La realtà ci dice che esistono gruppi o persone che vivono nella convinzione di dover portare avanti costi quel che costi valori che vengono messi pericolosamente in discussione dagli "altri", dagli antagonisti. Vale per Putin, per i terroristi, anche per i mafiosi. E, senza invadere il campo dei crimini di guerra o dei reati da codice penale, vale per l'integralista religioso, l'intransigente della politica, il tradizionalista cattolico che è anche no-vax, il "nimby" estremo. Una "prescrizione impossibile", rileva - spesso inascoltato - il pedagosita italiano Daniele Novara. Le belle poesie, peraltro sottoscrivibili anche dal peggior intransigente, non offrono risultati. E creano ulteriore ansia.
La mappa delle relazioni
Bisognerebbe allora compiere un passo importante a più livelli: politico, sociale, educativo, economico. Assumere cioè la pace come conflitto, che consenta perciò di mantenere la "relazione" anche nella divergenza più forte. Una mappa difficile, ma non impossibile da tracciare, anche se scomoda: presume che un rapporto possa stare in piedi non soltanto nel comfort della simpatia, ma anche nella fatica della discordanza. È questo, da alcuni anni, un fronte poco conosciuto di una realistica educazione alla pace su cui ognuno di noi può dare un contributo, anche piccolo.

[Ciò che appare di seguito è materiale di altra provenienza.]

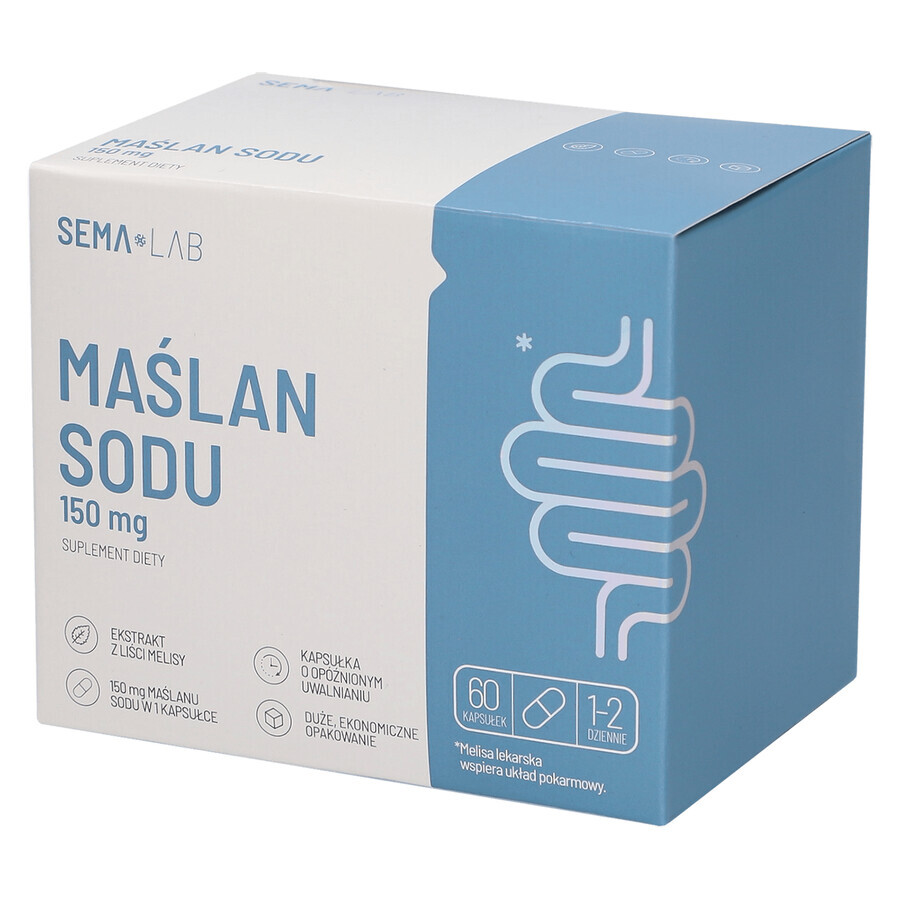 SEMA LAB Sodium butyrate 150 mg, 60 delayed-release capsules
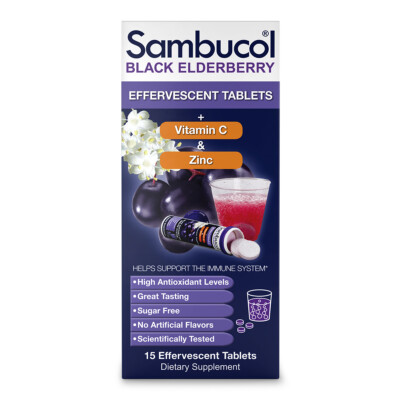 Sambucol Black Elderberry Effervescent Drink Tablets- 15 Count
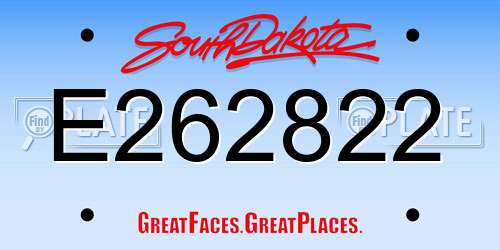 E262822 South Dakota License Plate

Una nuova alfabetizzazione
Viene chiamata, questa strada, "alfabetizzazione al conflitto". Perché è la consapevolezza che non per tutti i conflitti ci può essere una soluzione, ma ci può essere un modo diverso di gestirli, di viverli. Ecco, un problema da gestire, non una guerra da combattere. Mi pare che sia la svolta civica, laica, consapevole, su cui si dovrebbe ricostruire una pedagogia del bene comune. E, aggiungo, dovrebbe diventare un elemento portante di quella "sostenibilità" di cui tanto parliamo.
Prima che sia troppo tardi.
Infine, con lo stesso approccio, bisognerebbe affrontare la questione etica dell'industria militare, su cui Raffaele Corvino ha opportunamente richiamato l'altro giorno su Mondo Economico. Non è semplice parlare di "riconversione" degli armamenti. Ma bisognerebbe farlo, e con coraggio. Studiando ipotesi concrete, percorribili.
Anche qui, prima che sia troppo tardi.